- Material supplied:
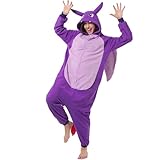XLKZZ Purple Dragon Onesie Unisex Adult Animal Pajamas Costume Cartoon Cosplay One Piece Sleepwear for Women Men Christmas Halloween L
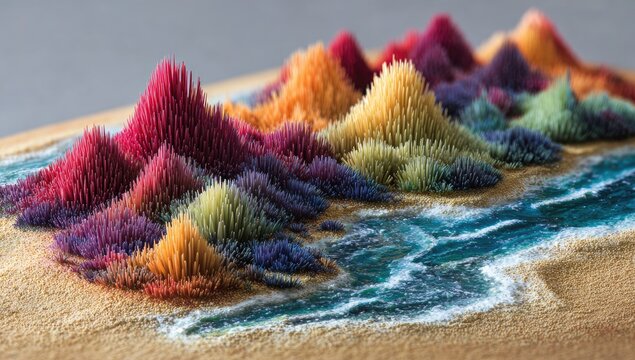 Colorful miniature landscape with textured peaks and flowing water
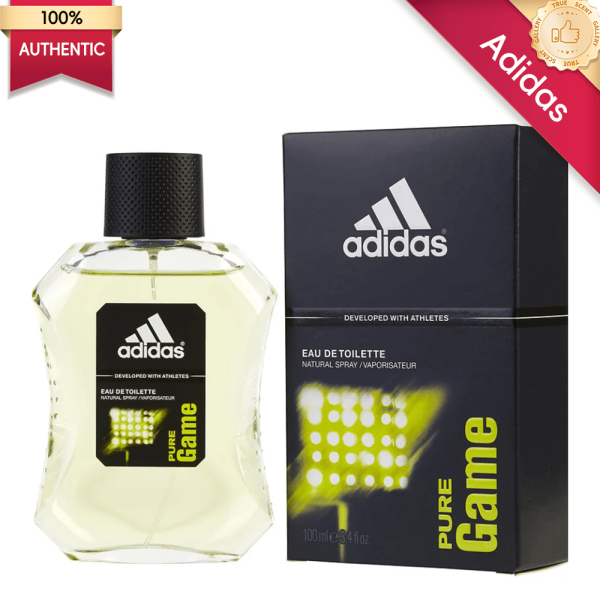 Adidas Pure Game Eau de Toilette for Men, 3.4 Fl Oz Sport Spray, Fresh Citrus & Woody Scent, Active Daytime Fragrance, Performance Boost Cologne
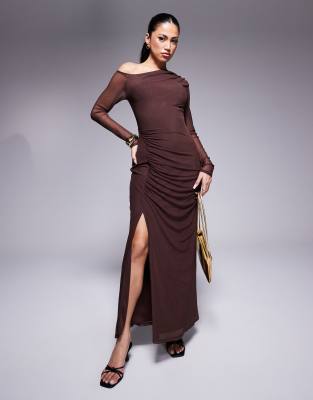 mesh slash neck long sleeve ruched midi dress in chocolate-Brown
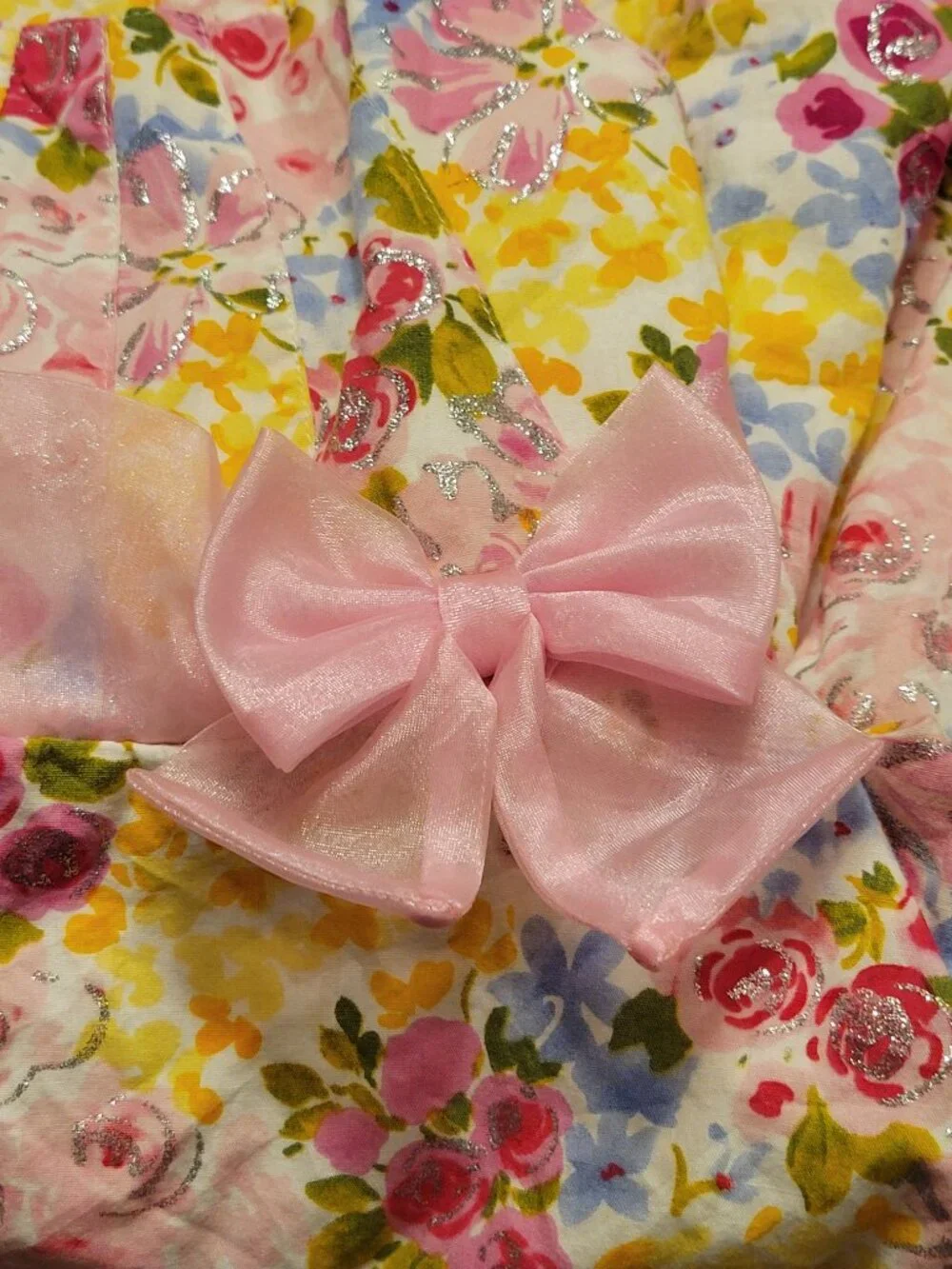 Jessica Ann Girls Size 5 Pink Floral Glitter Party Dress with Bow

- Problem to solve: The expected answer is the full listing above, transcribed exactly and without pictures.

- Output of the exercise:
XLKZZ Purple Dragon Onesie Unisex Adult Animal Pajamas Costume Cartoon Cosplay One Piece Sleepwear for Women Men Christmas Halloween L
 Colorful miniature landscape with textured peaks and flowing water
 Adidas Pure Game Eau de Toilette for Men, 3.4 Fl Oz Sport Spray, Fresh Citrus & Woody Scent, Active Daytime Fragrance, Performance Boost Cologne
 mesh slash neck long sleeve ruched midi dress in chocolate-Brown
 Jessica Ann Girls Size 5 Pink Floral Glitter Party Dress with Bow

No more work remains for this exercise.